This is a level 4 number activity from the Figure It Out series. It relates to Stage 7 of the Number Framework. It is also a level 3 statistics activity.
A PDF of the student activity is included.
Click on the image to enlarge it. Click again to close. Download PDF (1498 KB)
find a percentage of a number using a calculator
find the probability of an event occurring
Number Framework Links
These activities involve finding percentages of decimal amounts and calculating percentage increases and decreases. They are appropriate for students who are at stage 8 and could also be accessible for those at stage 7 with teacher help. Students who are at stage 6 will need a lot of scaffolding with the mathematics involved.
Students should preferably have had exposure to percentages before attempting these activities. (See the table of NDP material on page 4.) It will also help students if they know the conversions between basic fractions and percentages, for example, that 10 percent = 1/10 and that therefore calculating 10 percent of 300 is equivalent to finding 1/10 of 300 (= 30).
A copy of Tavita's investment simulation sheet (see Copymaster)
FIO, Level 3-4, Financial Literacy: Granny’s Gift, Investing on the Share Market, pages 21-23
In this activity, Tavita learns that there is always an element of risk in investing and that it’s important to identify the level of risk a person is prepared to take and is comfortable with before making a decision.

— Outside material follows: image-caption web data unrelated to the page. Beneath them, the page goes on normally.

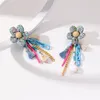 Dingle örhängen stil målade blomkedja damer strand tofs hänge mode färgglada smycken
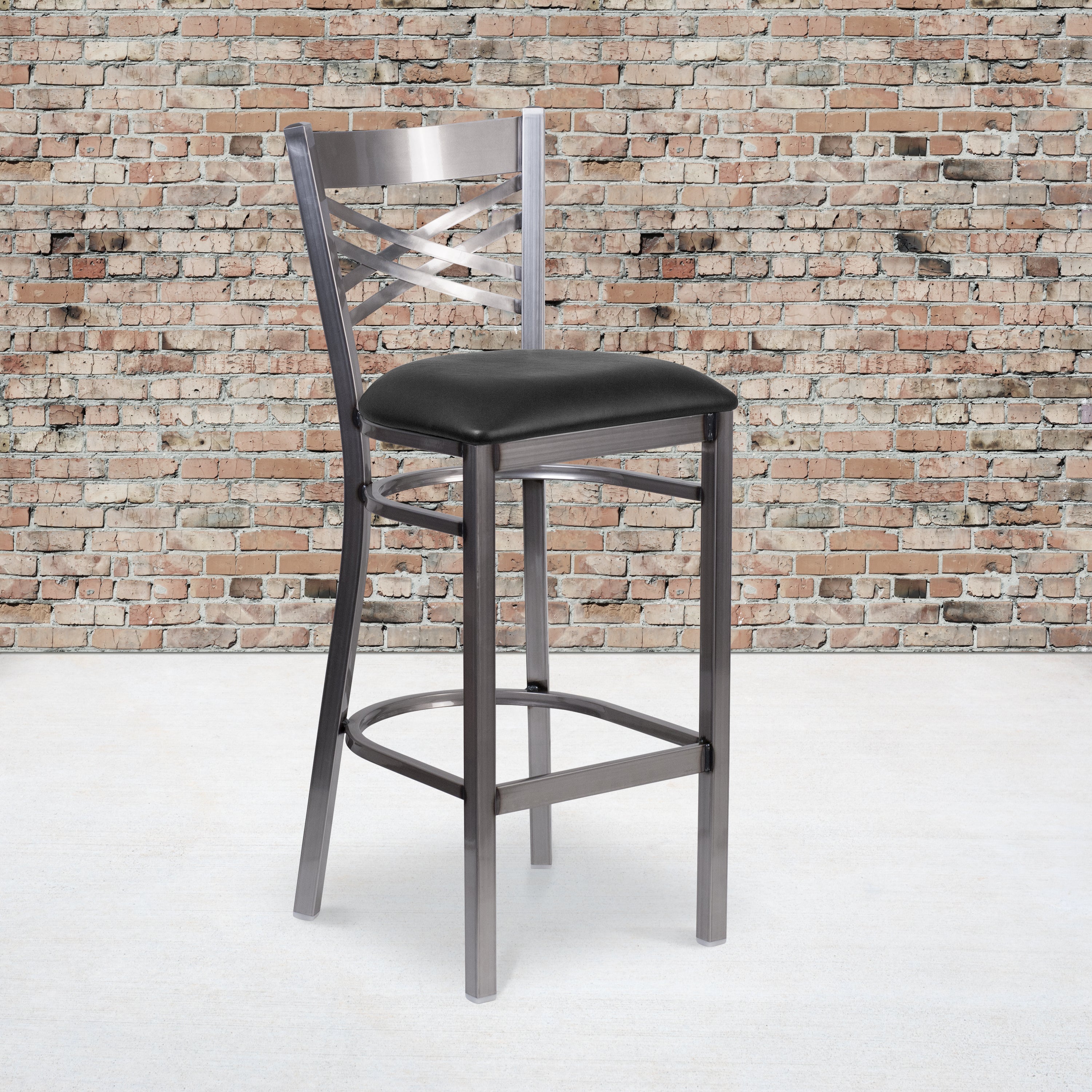 HERCULES Series Silver Antique Finish with Clear Coat ''X'' Back Metal Restaurant Barstool - Black Vinyl Seat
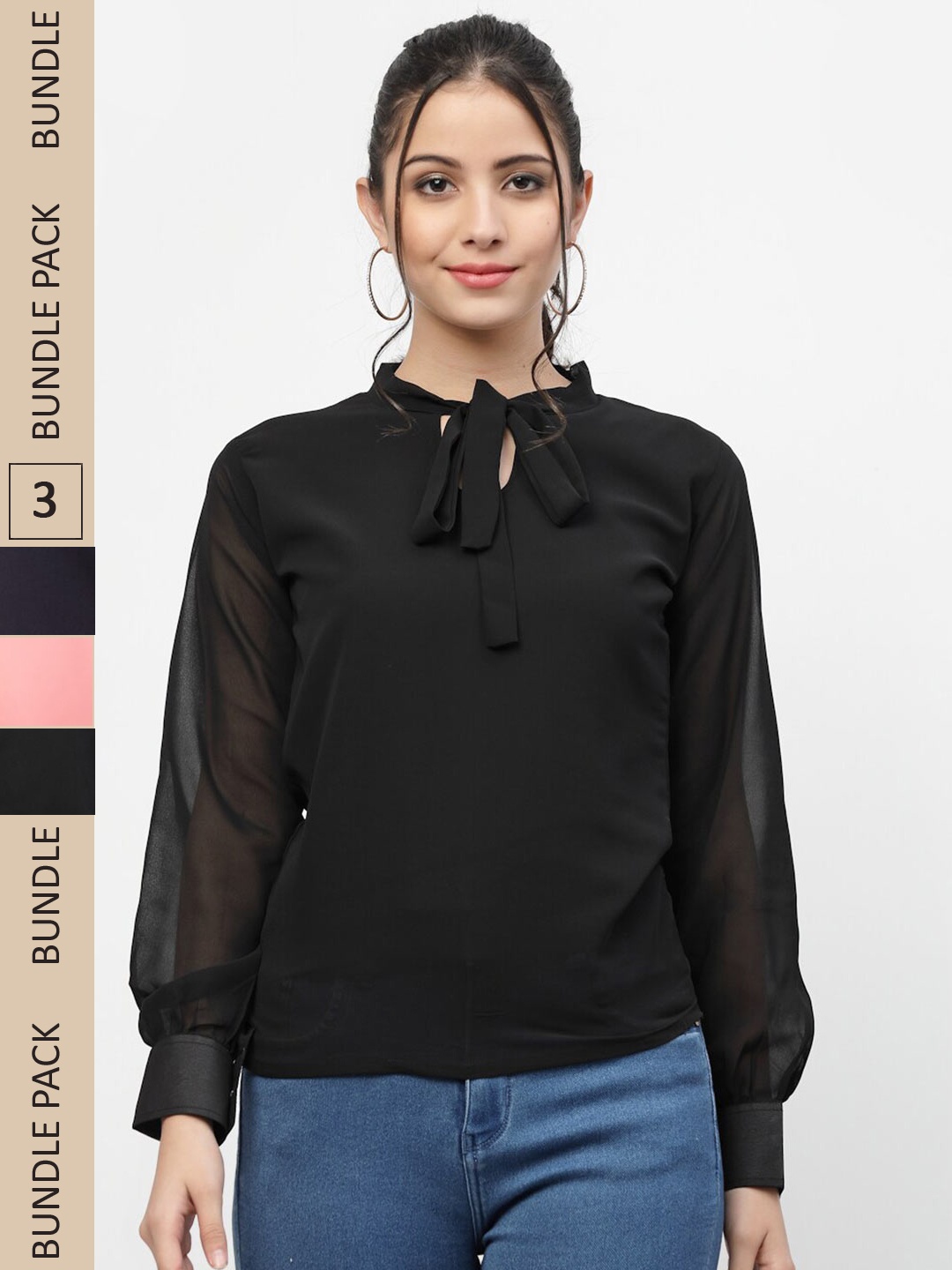 

MISS AYSE Pack of 3 Georgette Top, Blue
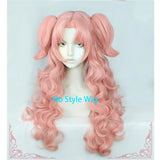 [Styled Wig]Tetia Cosplay Wig Anime Witch Hat Atelier Women Light Pink Wavy Long Hair Twin Ponytail Synthetic Cosplay Wig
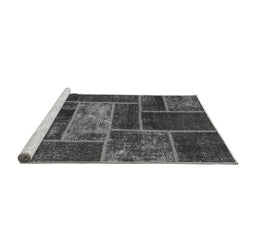 Sideview of Machine Washable Patchwork Gray Transitional Rug, wshabs1267gry
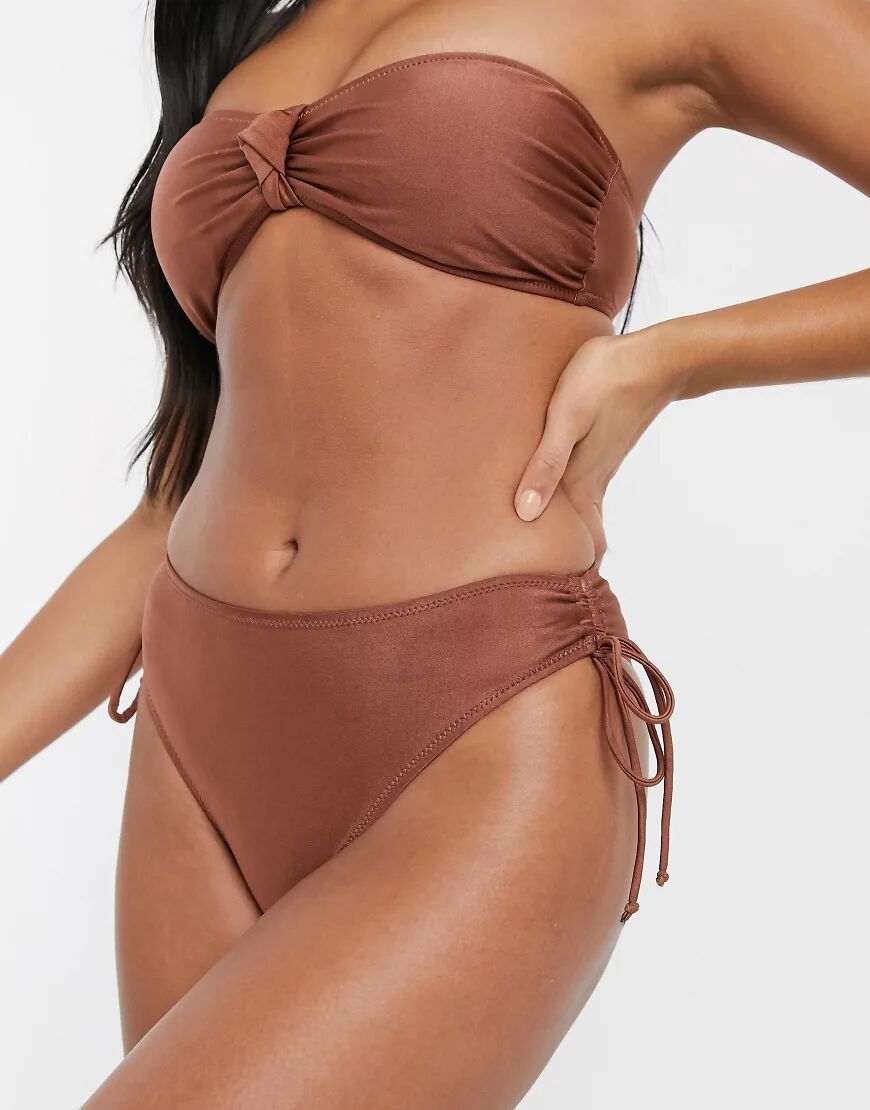 Candypants Candy Pants Ruched High Leg Bikini Bottom-Brown  Brown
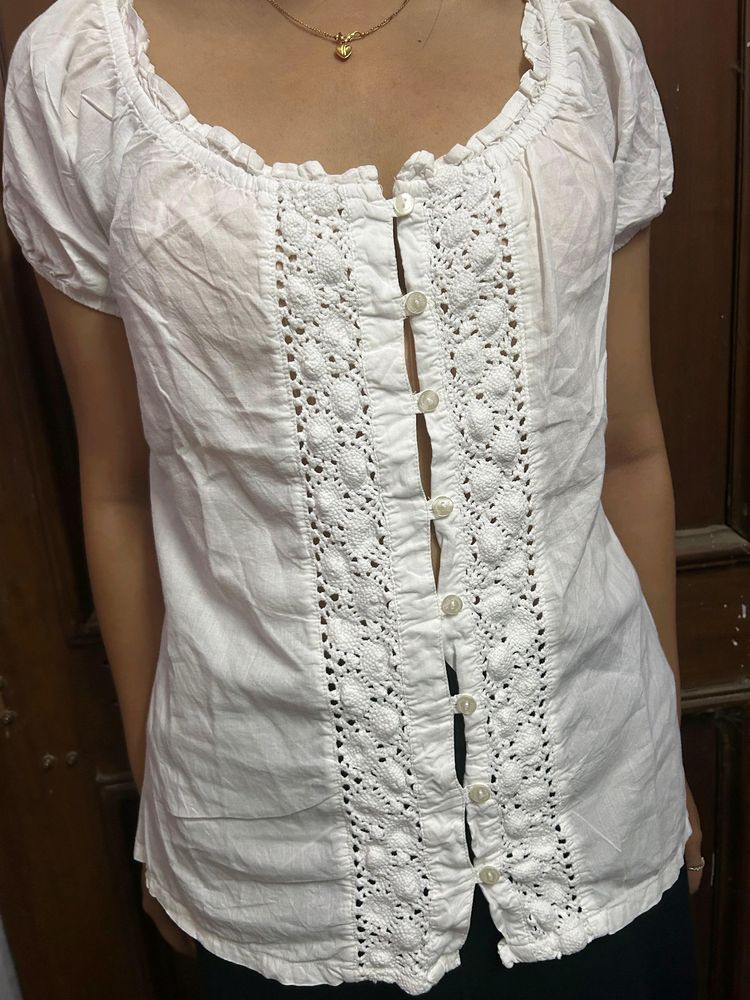 Vintage Puff Sleeves Lace Top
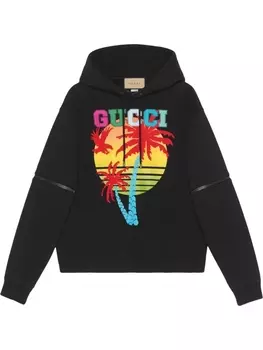 Худи с принтом Sunset и съемными рукавами Gucci, черный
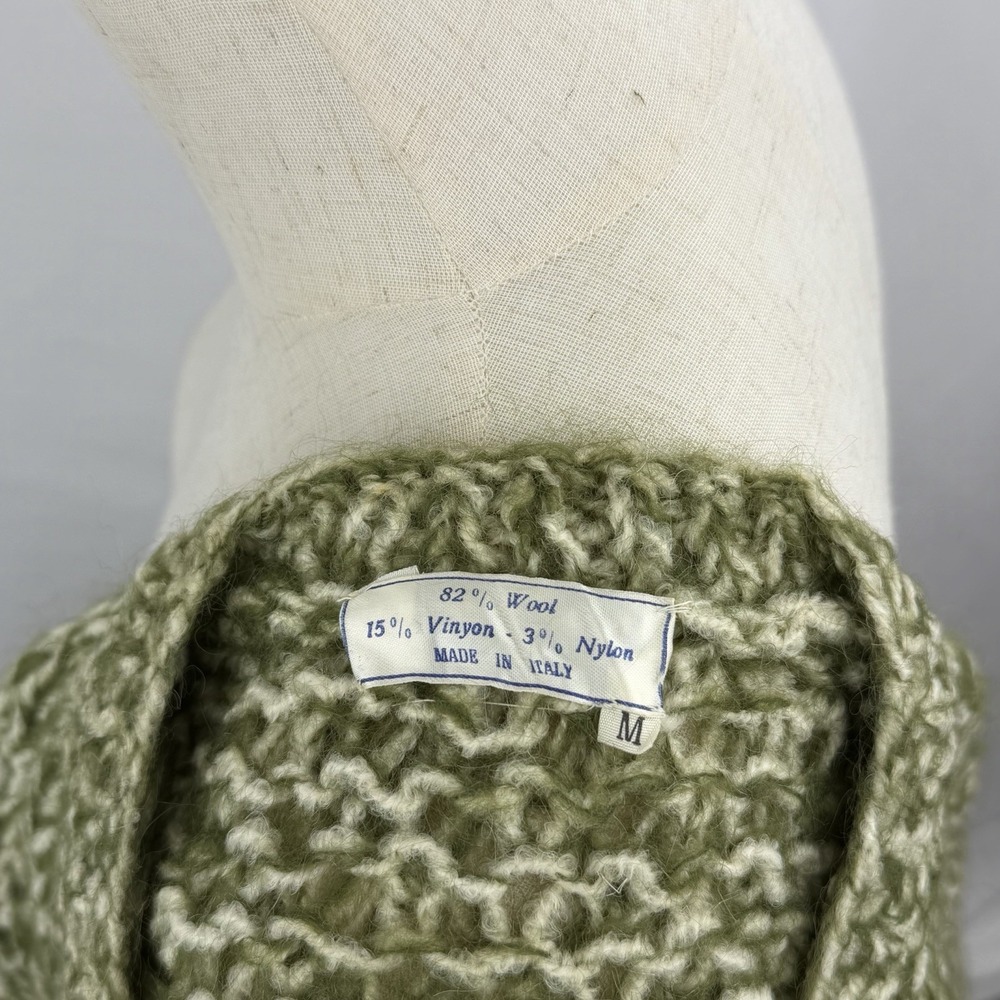 Vintage 50s Green Wool Sweater Textured Knit Italy V Neck Pullover Size M - Picture 6 of 6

A key idea for this activity is the notion of risk. One way to introduce this to your students is within the context of probability and popular culture.
Say: At the Fear Factory, you are offered the chance to win prizes on the roll of a dice after doing a special task. If you eat a worm and then roll a 1, you win $100. If you eat a dry wheat biscuit and roll a 2, 3, 4, 5, or 6, then you win $10.
Which prize chance do you choose?
Discuss with students how the worm option is the riskiest (you could eat a worm and still win nothing) but involves the biggest reward. The wheat biscuit option also has a risk of winning nothing but there is a much greater chance of winning something, although the prize money is less. To understand this concept of risk, students need to also understand that the probability of rolling just one of six numbers is much less than that of rolling any one of five out of six numbers. When investing money, there is always risk involved. At the fear factory, you may have to eat something horrible and win nothing; similarly, when you invest money, you may receive nothing extra – or get back even less than you invested.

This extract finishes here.